These are going to be difficult and important years for the trade union movement and it is my commitment that if elected as Labour’s leader the party will stand side-by-side with trade unionists. The Labour Party was born out of the trade union movement. Together we have achieved so much: from the minimum wage to the basis of the welfare state we all rely on – decent pensions, the Equal Pay Act, strong public services, and fundamental rights and protections at work.

That is why I agree with the revival of the tradition that the leader of the Labour Party attends and supports the Durham Miners’ Gala. A manifesto for 2024, for a government that will take us to the 2030s, must put the needs of working people and their families at the centre of delivering a green industrial revolution and greening our industries, confronting the onset of AI, the growth of insecure work and the gig economy, and restoring dignity for all in the workplace.
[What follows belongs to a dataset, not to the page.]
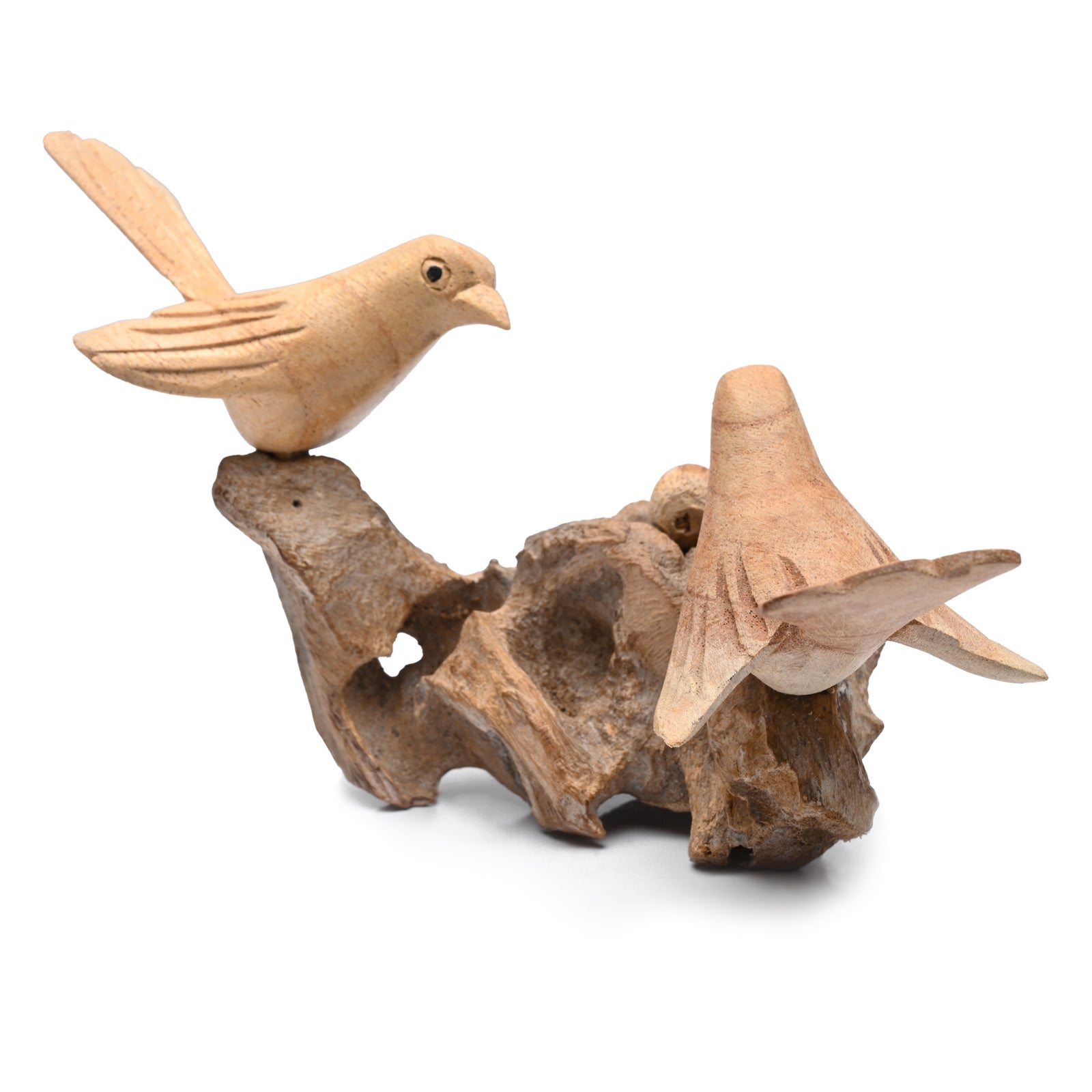 Two Birds on Nest image 3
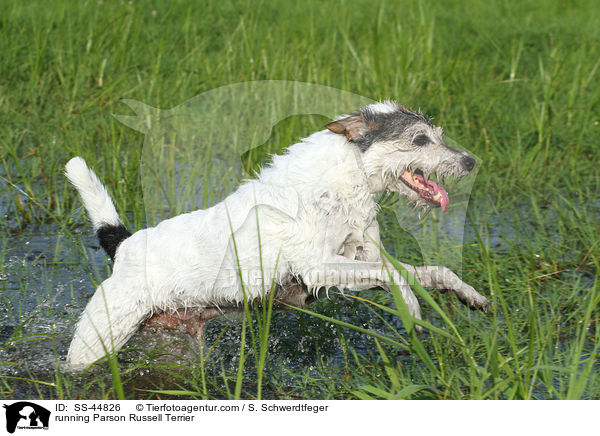 rennender Parson Russell Terrier / running Parson Russell Terrier / SS-44826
The general election means we are leaving the EU. The Leave-Remain divide is for the past. We must now settle the kind of future relationship we want with Europe, and fight to prevent the UK being dragged into bad deals with Donald Trump that threaten our public services and our protections at work. This is an agenda the labour movement must unite around, whichever side people took over Leave and Remain.

As we rebuild from the election defeat and face these and other challenges, we need to be absolutely clear that the bond between the unions and Labour cannot be weakened. We did not lose the election because we promised to boost public sector pay, restore collective bargaining, give workers a real say in their workplaces, invest in our public services or end outsourcing to the private sector.

We did not lose because we believe public services like the railways should be in public hands rather delivering profits for shareholders. Nor did we lose because we promised to repeal the malicious 2016 Trade Union Act and its unfair thresholds on ballots for industrial action – and we must continue to oppose that during this parliament.

There can be no going back from that agenda. No sacrificing our core principles. No over-steering or accepting the Tory narrative. We are a party and a movement that opposes austerity, supports common ownership and believe in public services.

I want us to unite around that agenda. During the general election, some of our strongest and most dynamic campaigns and policies came from our trade unions. The days of unions being seen as cash-cows during elections but otherwise peripheral are over and must never come back. Labour needs to do far more to harness the unions’ campaigning skills, and to make sure that trade union members are a core part of our campaigning and policy development all year round.

UNISON has helped make the NHS and issues facing care workers and their families one of the biggest political questions facing our country. Unite the Union’s ongoing campaign on universal credit and its pressure over fair tips for waiting staff both put justice and fairness in the spotlight. Its campaigns, such as over blacklisting, have built wide support.

GMB’s campaign to support Amazon workers places the labour movement at the heart of a national debate about the nature of work in modern Britain. CWU’s work to press for accessible, affordable broadband shows how the labour movement can be at the centre of transforming our economy. USDAW’s defence of the dignity and safety of shop-workers is essential in the modern retail economy. All of these and the work of the wider trade union movement points to the future.

If we are to rebuild trust with working people, we need to ensure that a commitment to defending workplace rights and public services is central to everything we do. To do this, we need to end the division that has too often held us back. I want to see a more united party because working-class communities depend on us to win power.

One of the big tests of the next five years will be whether we can grow and unite the labour movement in the face of the common threat Johnson poses to our rights and public services. If we can, I believe another future is possible: one where we do not accept that austerity, privatisation and outsourcing are inevitable. Or that working people have to accept another decade of Tory rule.

“Unity is strength” is one of the great truths of our movement. We need unity to rebuild our strength now more than ever.